EXERCISE OBJECTIVE:
Of all the entries below, retype only the lines from the one with "Casa tip duplex" through the one with "Compatible Xerox CT200542", exactly as they appear.

RECORDS SUPPLIED:
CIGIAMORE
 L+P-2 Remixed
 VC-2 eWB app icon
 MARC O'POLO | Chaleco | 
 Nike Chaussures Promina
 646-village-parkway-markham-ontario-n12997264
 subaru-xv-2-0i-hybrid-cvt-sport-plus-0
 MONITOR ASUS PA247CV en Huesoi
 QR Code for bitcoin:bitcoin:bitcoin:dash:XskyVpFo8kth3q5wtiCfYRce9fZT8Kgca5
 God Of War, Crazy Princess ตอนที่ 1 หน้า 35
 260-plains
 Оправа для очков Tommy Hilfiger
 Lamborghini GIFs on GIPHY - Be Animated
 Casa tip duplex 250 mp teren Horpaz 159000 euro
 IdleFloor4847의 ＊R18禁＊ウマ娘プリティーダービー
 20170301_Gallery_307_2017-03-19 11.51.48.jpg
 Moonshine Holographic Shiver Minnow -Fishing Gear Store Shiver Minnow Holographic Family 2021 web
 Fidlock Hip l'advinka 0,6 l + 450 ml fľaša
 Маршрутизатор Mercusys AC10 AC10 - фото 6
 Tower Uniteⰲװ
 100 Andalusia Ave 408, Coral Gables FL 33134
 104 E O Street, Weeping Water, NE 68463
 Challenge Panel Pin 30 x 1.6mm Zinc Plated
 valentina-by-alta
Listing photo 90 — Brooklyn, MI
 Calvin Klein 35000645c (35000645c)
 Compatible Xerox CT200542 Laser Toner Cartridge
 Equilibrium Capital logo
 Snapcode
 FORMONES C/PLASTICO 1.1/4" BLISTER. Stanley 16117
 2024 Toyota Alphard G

OUTPUT OF THE TASK:
 Casa tip duplex 250 mp teren Horpaz 159000 euro
 IdleFloor4847의 ＊R18禁＊ウマ娘プリティーダービー
 20170301_Gallery_307_2017-03-19 11.51.48.jpg
 Moonshine Holographic Shiver Minnow -Fishing Gear Store Shiver Minnow Holographic Family 2021 web
 Fidlock Hip l'advinka 0,6 l + 450 ml fľaša
 Маршрутизатор Mercusys AC10 AC10 - фото 6
 Tower Uniteⰲװ
 100 Andalusia Ave 408, Coral Gables FL 33134
 104 E O Street, Weeping Water, NE 68463
 Challenge Panel Pin 30 x 1.6mm Zinc Plated
 valentina-by-alta
Listing photo 90 — Brooklyn, MI
 Calvin Klein 35000645c (35000645c)
 Compatible Xerox CT200542 Laser Toner Cartridge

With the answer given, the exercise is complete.